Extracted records
..........

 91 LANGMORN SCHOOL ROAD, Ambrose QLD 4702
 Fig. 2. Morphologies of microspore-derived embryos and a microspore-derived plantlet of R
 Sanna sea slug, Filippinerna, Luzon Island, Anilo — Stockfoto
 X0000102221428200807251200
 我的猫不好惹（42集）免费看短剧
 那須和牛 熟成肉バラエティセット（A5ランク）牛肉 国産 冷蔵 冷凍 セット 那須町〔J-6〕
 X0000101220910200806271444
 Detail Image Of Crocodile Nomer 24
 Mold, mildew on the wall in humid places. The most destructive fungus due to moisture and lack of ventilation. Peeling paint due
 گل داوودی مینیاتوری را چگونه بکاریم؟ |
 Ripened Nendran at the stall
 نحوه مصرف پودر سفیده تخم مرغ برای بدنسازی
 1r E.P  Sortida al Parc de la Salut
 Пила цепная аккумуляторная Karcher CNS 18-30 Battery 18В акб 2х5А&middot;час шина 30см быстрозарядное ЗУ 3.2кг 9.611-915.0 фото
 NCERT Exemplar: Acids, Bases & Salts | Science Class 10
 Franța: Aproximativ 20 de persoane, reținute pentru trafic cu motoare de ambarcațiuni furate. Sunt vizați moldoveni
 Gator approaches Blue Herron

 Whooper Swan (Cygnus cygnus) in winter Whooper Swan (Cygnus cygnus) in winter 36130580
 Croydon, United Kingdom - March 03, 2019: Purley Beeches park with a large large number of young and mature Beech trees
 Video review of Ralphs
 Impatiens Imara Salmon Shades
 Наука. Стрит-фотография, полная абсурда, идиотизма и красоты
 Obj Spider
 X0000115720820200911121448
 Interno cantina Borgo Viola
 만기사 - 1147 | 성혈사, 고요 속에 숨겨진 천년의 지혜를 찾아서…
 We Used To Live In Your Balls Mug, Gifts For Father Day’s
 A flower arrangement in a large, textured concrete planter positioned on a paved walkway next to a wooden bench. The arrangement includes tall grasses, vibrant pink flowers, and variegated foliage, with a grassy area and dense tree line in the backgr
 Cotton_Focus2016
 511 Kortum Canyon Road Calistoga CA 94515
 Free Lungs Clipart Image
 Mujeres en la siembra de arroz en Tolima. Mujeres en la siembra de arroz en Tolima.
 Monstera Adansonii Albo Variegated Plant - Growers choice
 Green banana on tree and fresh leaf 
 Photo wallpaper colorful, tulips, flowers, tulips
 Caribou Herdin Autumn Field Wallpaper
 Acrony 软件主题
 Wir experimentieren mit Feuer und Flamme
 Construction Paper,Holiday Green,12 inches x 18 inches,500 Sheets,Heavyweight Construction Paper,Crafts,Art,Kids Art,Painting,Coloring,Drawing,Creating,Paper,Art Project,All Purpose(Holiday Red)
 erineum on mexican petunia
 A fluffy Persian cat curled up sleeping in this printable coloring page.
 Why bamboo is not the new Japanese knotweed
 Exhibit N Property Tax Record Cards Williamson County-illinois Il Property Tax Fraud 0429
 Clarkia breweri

..........

* _TASK TO COMPLETE_
I'd like the entries above reproduced in full, exactly as they stand.

* _THE COMPLETED TASK_
 91 LANGMORN SCHOOL ROAD, Ambrose QLD 4702
 Fig. 2. Morphologies of microspore-derived embryos and a microspore-derived plantlet of R
 Sanna sea slug, Filippinerna, Luzon Island, Anilo — Stockfoto
 X0000102221428200807251200
 我的猫不好惹（42集）免费看短剧
 那須和牛 熟成肉バラエティセット（A5ランク）牛肉 国産 冷蔵 冷凍 セット 那須町〔J-6〕
 X0000101220910200806271444
 Detail Image Of Crocodile Nomer 24
 Mold, mildew on the wall in humid places. The most destructive fungus due to moisture and lack of ventilation. Peeling paint due
 گل داوودی مینیاتوری را چگونه بکاریم؟ |
 Ripened Nendran at the stall
 نحوه مصرف پودر سفیده تخم مرغ برای بدنسازی
 1r E.P  Sortida al Parc de la Salut
 Пила цепная аккумуляторная Karcher CNS 18-30 Battery 18В акб 2х5А&middot;час шина 30см быстрозарядное ЗУ 3.2кг 9.611-915.0 фото
 NCERT Exemplar: Acids, Bases & Salts | Science Class 10
 Franța: Aproximativ 20 de persoane, reținute pentru trafic cu motoare de ambarcațiuni furate. Sunt vizați moldoveni
 Gator approaches Blue Herron

 Whooper Swan (Cygnus cygnus) in winter Whooper Swan (Cygnus cygnus) in winter 36130580
 Croydon, United Kingdom - March 03, 2019: Purley Beeches park with a large large number of young and mature Beech trees
 Video review of Ralphs
 Impatiens Imara Salmon Shades
 Наука. Стрит-фотография, полная абсурда, идиотизма и красоты
 Obj Spider
 X0000115720820200911121448
 Interno cantina Borgo Viola
 만기사 - 1147 | 성혈사, 고요 속에 숨겨진 천년의 지혜를 찾아서…
 We Used To Live In Your Balls Mug, Gifts For Father Day’s
 A flower arrangement in a large, textured concrete planter positioned on a paved walkway next to a wooden bench. The arrangement includes tall grasses, vibrant pink flowers, and variegated foliage, with a grassy area and dense tree line in the backgr
 Cotton_Focus2016
 511 Kortum Canyon Road Calistoga CA 94515
 Free Lungs Clipart Image
 Mujeres en la siembra de arroz en Tolima. Mujeres en la siembra de arroz en Tolima.
 Monstera Adansonii Albo Variegated Plant - Growers choice
 Green banana on tree and fresh leaf 
 Photo wallpaper colorful, tulips, flowers, tulips
 Caribou Herdin Autumn Field Wallpaper
 Acrony 软件主题
 Wir experimentieren mit Feuer und Flamme
 Construction Paper,Holiday Green,12 inches x 18 inches,500 Sheets,Heavyweight Construction Paper,Crafts,Art,Kids Art,Painting,Coloring,Drawing,Creating,Paper,Art Project,All Purpose(Holiday Red)
 erineum on mexican petunia
 A fluffy Persian cat curled up sleeping in this printable coloring page.
 Why bamboo is not the new Japanese knotweed
 Exhibit N Property Tax Record Cards Williamson County-illinois Il Property Tax Fraud 0429
 Clarkia breweri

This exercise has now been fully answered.